India Inc opined that the Budget should outline measures to aid the recovery process by improving demand and enhancing capital expenditure on infrastructure, observing that it is expected to focus on fiscal management and reforms to give a booster dose to the economy.

Finance Minister Nirmala Sitharaman will present the Budget for 2022-23 in Parliament on Tuesday whereas the Economic Survey 2021-22 was unveiled on Monday.

Ficci President Sanjiv Mehta said, “As per the Economic Survey, India is expected to see further momentum in economic recovery, with GDP growth projected at 8-8.5 per cent for 2022-23.

“While this is encouraging, we need to be mindful of the fact that some of the assumptions that underpin this projection could turn out to be more complex and limit the growth projection towards the lower end of the band”.

He observed that the evolving geo-political developments and their impact on oil prices, the likely accelerated pace of monetary policy normalisation by central banks and the still uncertain trajectory of the Covid-19 pandemic could throw up newer challenges for the economy in the year ahead.

“It is therefore important that the upcoming Union Budget outlines measures that would aid the recovery process by improving demand and enhancing capex on infrastructure,” added Mehta.
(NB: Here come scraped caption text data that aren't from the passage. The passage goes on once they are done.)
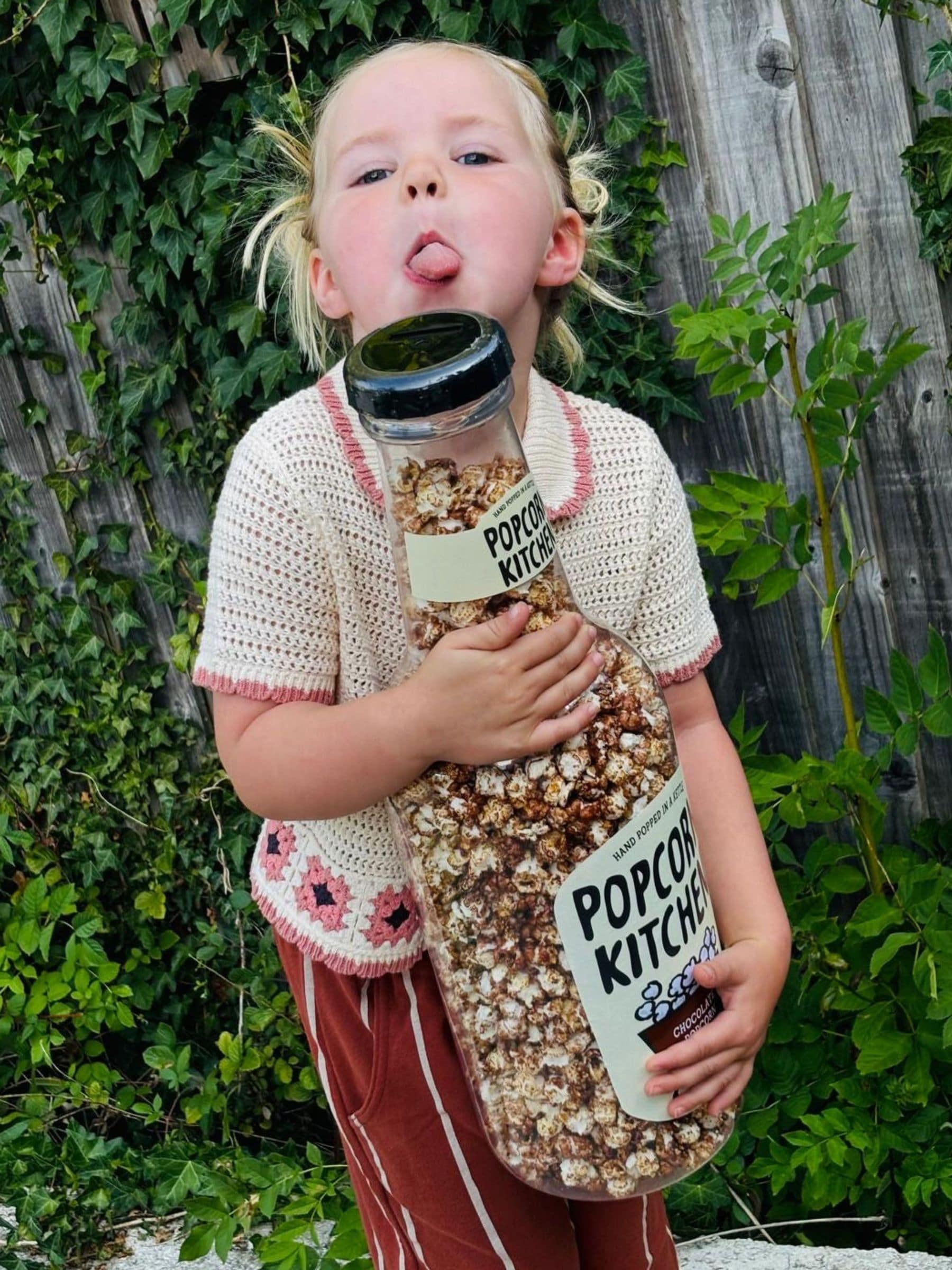 Popcorn Kitchen Giant Money Bottle filled with sweet popcorn, imported from the UK
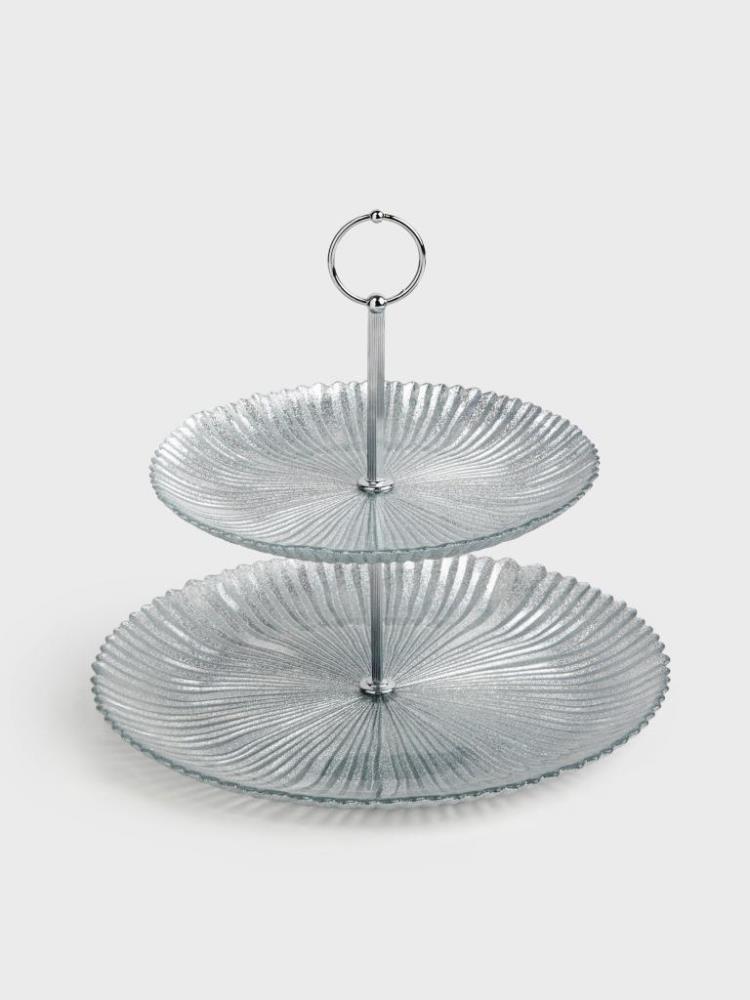 Подставка для пирожных, 21х28/26 см, 2 яруса, стекло/металл, серебристая, Avila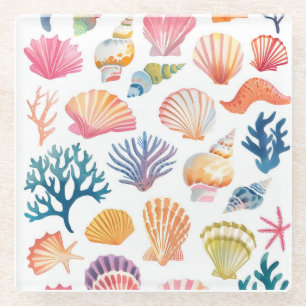 OceanModern Tropical Plant Print – Pink and Green  Glass Coaster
Ranen Banerjee, a partner and leader of economic advisory services at PwC India said the survey recognizes the risks faced by the economy and the growth projection of 8-8.5 percent is possibly at the optimistic end of the spectrum given several underlying assumptions. The projections are based on assumptions that there will be no further debilitating pandemic related disruption.

Elaborating further, he said the forecast is based many positive assumptions like there will be normal monsoons, global central banks will undertake an orderly withdrawal of liquidity, crude prices will range in USD 70-75 a barrel during FY23 and global supply chains will ease gradually.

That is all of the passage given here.